Sunday, March 7, 2010

in case you thought I was joking

For those of you who wonder how I can let a mere lay-science book turn my head so, consider the following sentence:

To study a Hubble Telescope image of [a spiral galaxy], typically (for the closer ones) seen from 10 or 20 million light-years, is to enter a world of sight so rich in possibility, so deep in separation from life on Earth, so complex in structure, that the unprepared mind may reel, or may provide a defense by reminding its owner that none of this can thin the thighs or heal the fractured bone.

I'm omitting a citation as a favor to the author.

not about health care or Democratic impotence

Okay, this is a little eerie. I'm about to attempt to achieve something useful with this blog. I can only imagine that Locutus will be knocking at my door very shortly.

I'm back in Seoul now. More about that later. Maybe.

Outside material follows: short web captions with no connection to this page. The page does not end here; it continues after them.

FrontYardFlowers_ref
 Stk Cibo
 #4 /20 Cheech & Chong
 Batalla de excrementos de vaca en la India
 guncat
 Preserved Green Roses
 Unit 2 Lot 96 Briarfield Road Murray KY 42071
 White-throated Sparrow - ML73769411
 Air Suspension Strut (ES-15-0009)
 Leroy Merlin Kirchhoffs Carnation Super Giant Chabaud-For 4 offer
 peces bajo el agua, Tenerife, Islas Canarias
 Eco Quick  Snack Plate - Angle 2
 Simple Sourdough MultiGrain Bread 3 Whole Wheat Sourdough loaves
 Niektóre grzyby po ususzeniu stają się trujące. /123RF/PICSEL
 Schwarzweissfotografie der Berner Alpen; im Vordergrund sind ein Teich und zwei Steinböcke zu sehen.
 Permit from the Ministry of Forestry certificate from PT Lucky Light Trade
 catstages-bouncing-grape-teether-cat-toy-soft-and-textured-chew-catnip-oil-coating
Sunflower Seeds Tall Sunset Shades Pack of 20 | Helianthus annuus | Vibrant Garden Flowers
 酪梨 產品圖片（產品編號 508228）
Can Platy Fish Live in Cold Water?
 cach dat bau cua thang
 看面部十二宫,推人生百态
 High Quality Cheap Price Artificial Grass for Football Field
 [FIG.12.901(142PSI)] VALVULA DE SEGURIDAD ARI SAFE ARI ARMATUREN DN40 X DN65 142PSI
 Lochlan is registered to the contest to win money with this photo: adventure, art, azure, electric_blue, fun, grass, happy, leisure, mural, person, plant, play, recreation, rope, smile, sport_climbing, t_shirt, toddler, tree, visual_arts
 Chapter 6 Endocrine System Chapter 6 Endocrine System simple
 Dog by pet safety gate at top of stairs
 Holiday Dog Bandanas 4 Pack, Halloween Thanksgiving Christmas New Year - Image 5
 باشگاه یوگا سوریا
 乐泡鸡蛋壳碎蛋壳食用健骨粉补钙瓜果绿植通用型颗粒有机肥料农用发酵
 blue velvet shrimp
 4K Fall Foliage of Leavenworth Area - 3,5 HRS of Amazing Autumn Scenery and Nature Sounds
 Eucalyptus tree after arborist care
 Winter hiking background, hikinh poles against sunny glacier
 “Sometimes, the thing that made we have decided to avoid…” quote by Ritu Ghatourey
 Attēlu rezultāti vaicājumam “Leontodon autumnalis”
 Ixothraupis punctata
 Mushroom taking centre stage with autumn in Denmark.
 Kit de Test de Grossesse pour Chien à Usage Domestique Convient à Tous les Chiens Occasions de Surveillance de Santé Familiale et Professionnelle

Winter term just started here and I'm co-teaching a "cosmology for non-scientists" course with Eric (my adviser) and Professor Smoot (previously mentioned for winning the Nobel prize and co-guest-starring in an episode of "the Big Bang Theory" with Summer Glau; you can judge for yourself which is the more laudable achievement). Since I am one of three (dammit! stupid Borg...), I'm actually not onstage until April. Reading the textbook, however, I'm already confused. Nothing in the book is wrong, but it tends to gloss over (what are to me) important details about why it isn't wrong. None of this should be a surprise -- Eric flat-out said when he recommended this book: "I don't actually like it, but it's the best we've got" (or something to that effect) -- but that doesn't change the fact that I don't know what the point of this class is supposed to be. Should I be trying to give the students a laundry-list of things that we know, or a handful of bullet points accompanied by a deep understanding of why we know them? You should be able to tell my bias from the way I phrased that. When you're teaching to scientists, the latter is by far more important than the former (since, presumably, once they know the latter, they can figure out the former on their own) but that approach tends to rely heavily on math. Conventional wisdom counsels against math in courses of this sort. Which brings me to my question:

If you are a scientist: have you ever taught a course for non-majors before? What tack did you take? How much did the students benefit from it? In what way did they benefit from it?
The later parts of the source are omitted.